The Mac Mini in particular is really starting to show it’s age, and the Retina iMac is VERY tempting, due both to the amazing screen and much improved performance. But the thing that keeps nagging at me is whether I want to keep maintaining two machines at all. To try and sort it out, I’ve put together a few pros and cons of a two-Mac setup:
PRO: Keep work and personal stuff separate
As an independent developer, it’s important for me to maintain some separation between work and non-work. That means closing down work projects at the end of the day so that I can focus on the rest of my life without getting sucked back into work. With two computers, that’s pretty easy: Put the work Mac to sleep and walk away. With just one machine, that’s harder. (I think the best way to deal with this is probably to use two user accounts on the same Mac, one for work and one for everything else.)
CON: Maintaining separate development environments
Two machines means twice as many things to keep up to date. Software updates, Xcode betas, and especially provisioning profiles are a pain to deal with across two Macs. Unfortunately, Dropbox or iCloud drive don’t help much with this kind of thing, and we don’t have the kind of tools for replicating dev environments that are so useful when doing web development.
PRO: No docking/undocking
With two Macs, there’s none of the docking/undocking setup involved with hooking a laptop up to an external monitor. I don’t want to just leave my laptop on my desk all the time – that defeats the purpose. That means every time I want to move it, I have to unplug a few cables before I can take the laptop with me. When I come back, I have to reconnect everything. Even with something like a HengeDock (which I’ve used before and liked a lot), there’s the inevitable window rearranging and other snafus that come along with changing screen resolutions.

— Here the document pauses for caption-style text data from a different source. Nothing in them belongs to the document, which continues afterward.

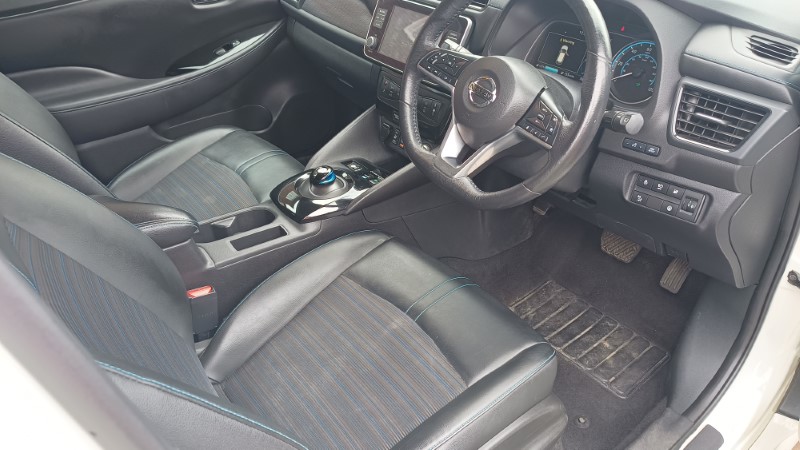 Nissan Leaf White For Sale (7)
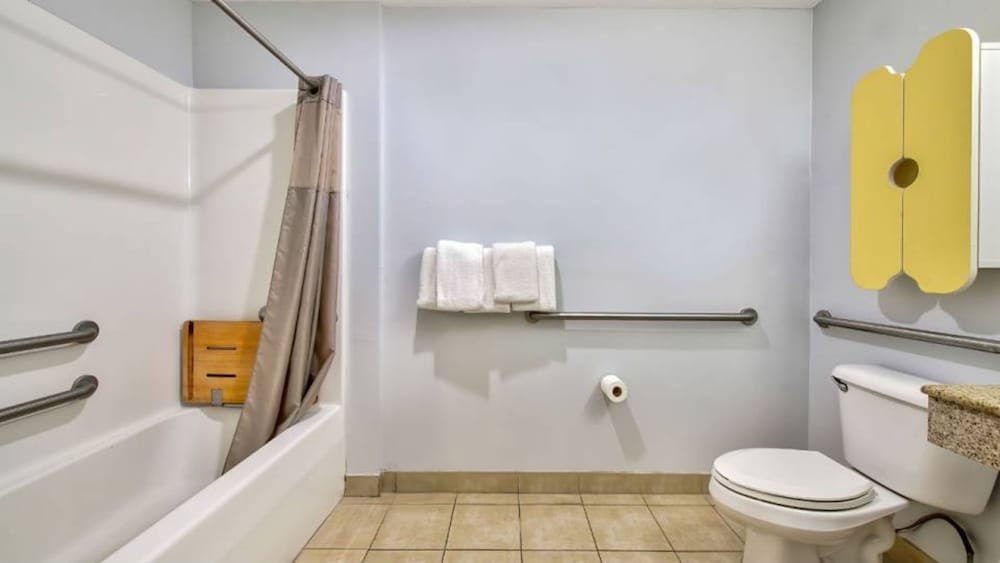 Oyo Townhouse Sulphur,LA Extended Stay I-10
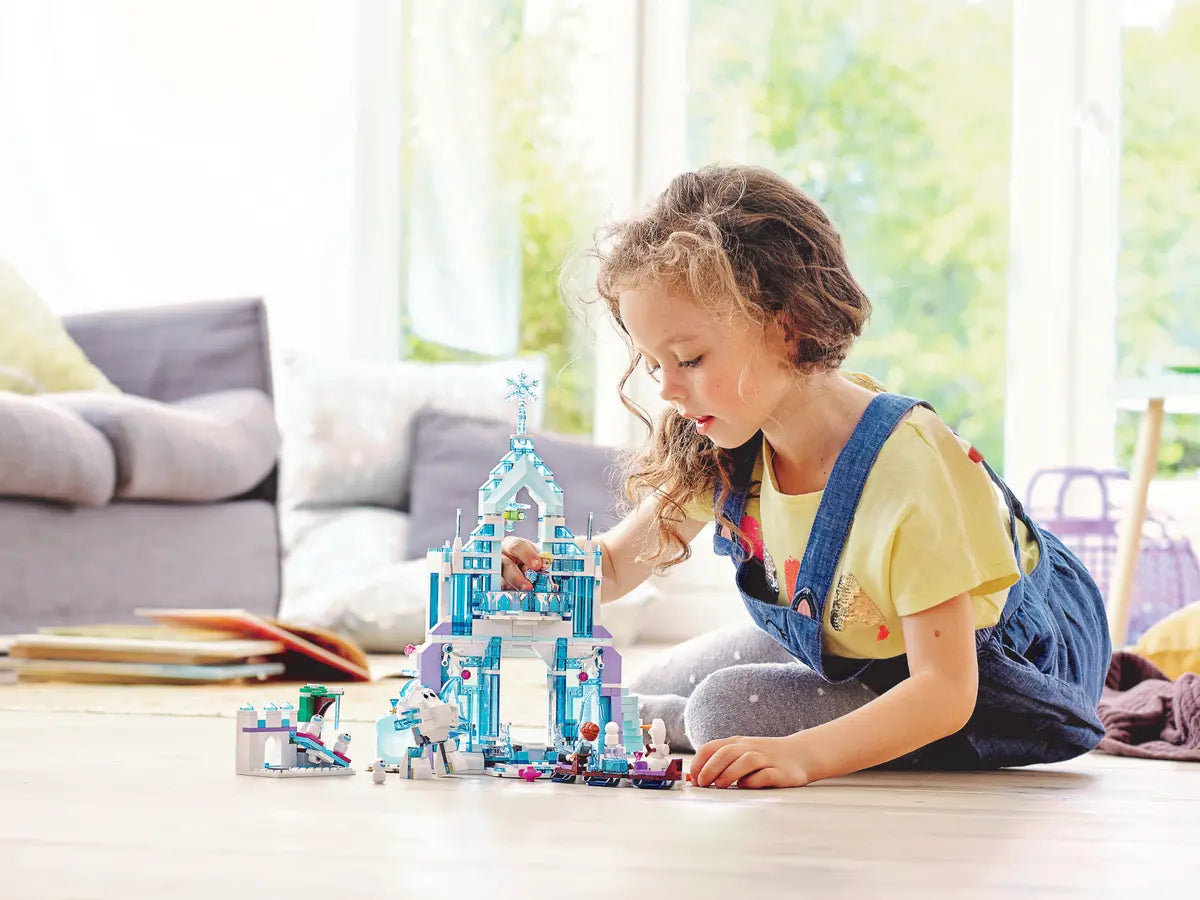 Elsa's Magical Ice Palace LEGO Set 701pcs Ages 6+ Disney Frozen 43172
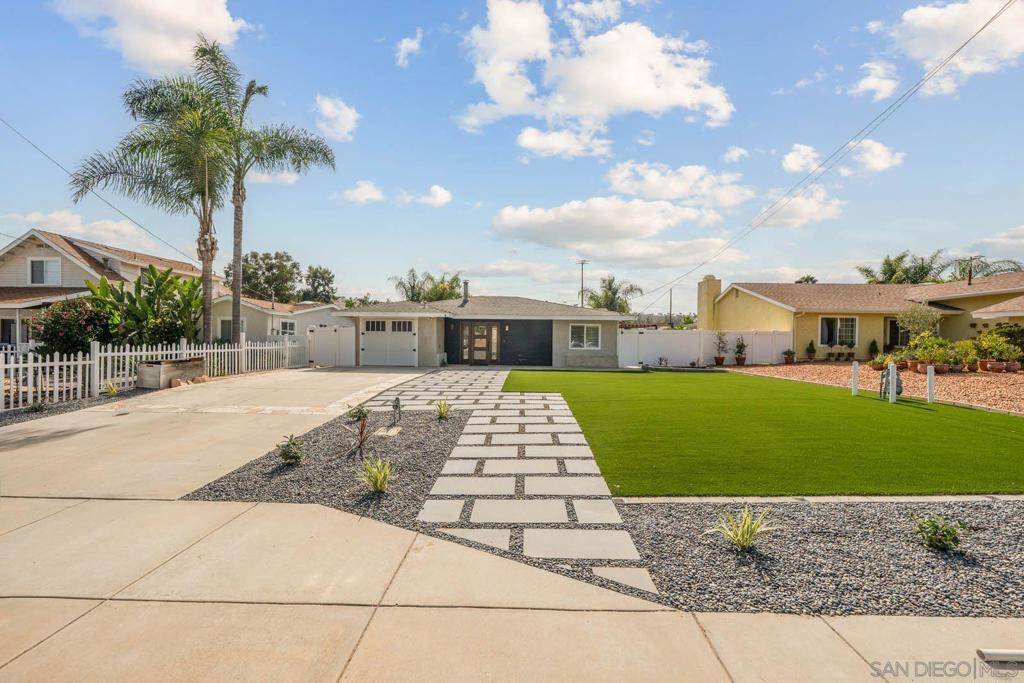 Poway, CA 92064,14234 York Ave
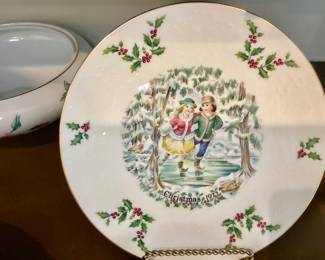 Royal Doulton 1977 Vintage Christmas Plate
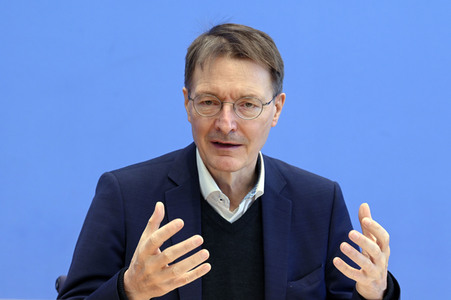 Pressekonferenz zur aktuellen Corona-Lage in Berlin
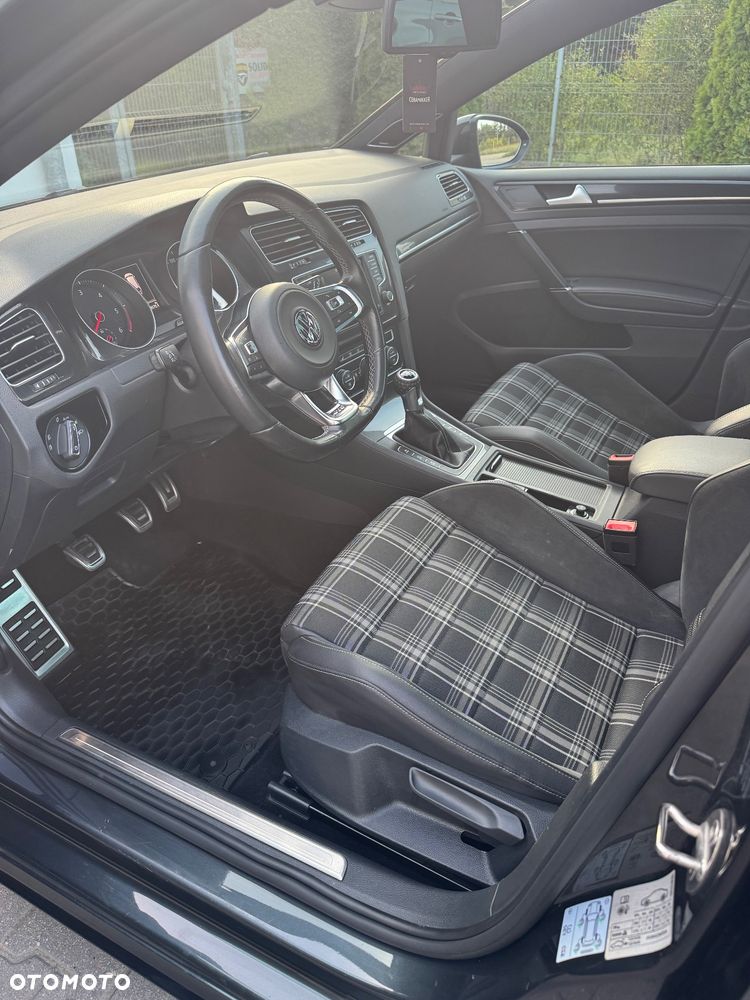 Volkswagen Golf GTD BlueMotion Technology - 12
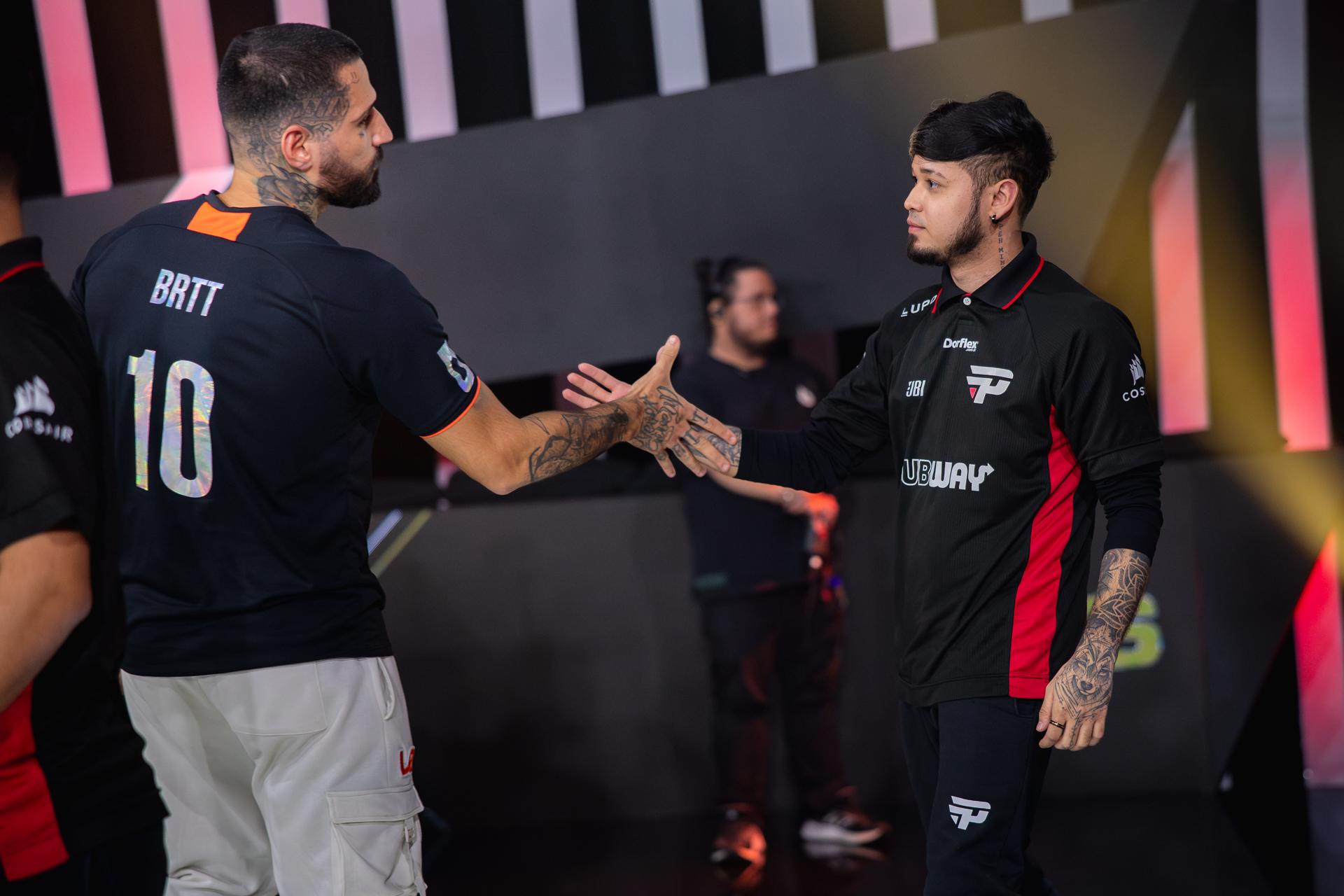 brTT e TitaN se cumprimentam após o confronto entre paiN e LOS - Foto: CBLOL/flicker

Having two Macs means keeping the hardware for both up to date. I could probably let my personal laptop slip a bit, since it usually doesn’t have to do anything too intensive. Combine that with the old adage that you should buy the best Mac you can, and it’s possible to stretch the lifetimes out a bit. Nevertheless, maintaining two computers is always going to be more expensive than maintaining just one. (Then again, that iMac is pretty pricey…)
PRO: Desktop Retina
Right now, the only real way to get a Retina display on the desktop is with the Retina iMac. That doesn’t seem likely to change in the near future. Maybe Apple will release a standalone Retina display and update the Mac Pro to support it, but I think it’ll be a while before a laptop can drive that many pixels. Marco Arment’s guess of 2016 for a standalone Retina display sounds about right to me. Granted, Retina isn’t a must-have feature, but it sure would be nice, especially when developing for iOS devices that all have Retina screens. Those simulators take up a lot of screen real estate!
WILD CARD: Desktop + iPad?
I’ve always had a Mac for personal use. But I wonder: Do I really need one? Could I replace most of my personal laptop usage with the iPad? (Somewhere in Italy, Federico Viticci is cheering.) If so, that mostly negates a lot of the con arguments. Maybe I’ll give that a try for a while and see how it works out.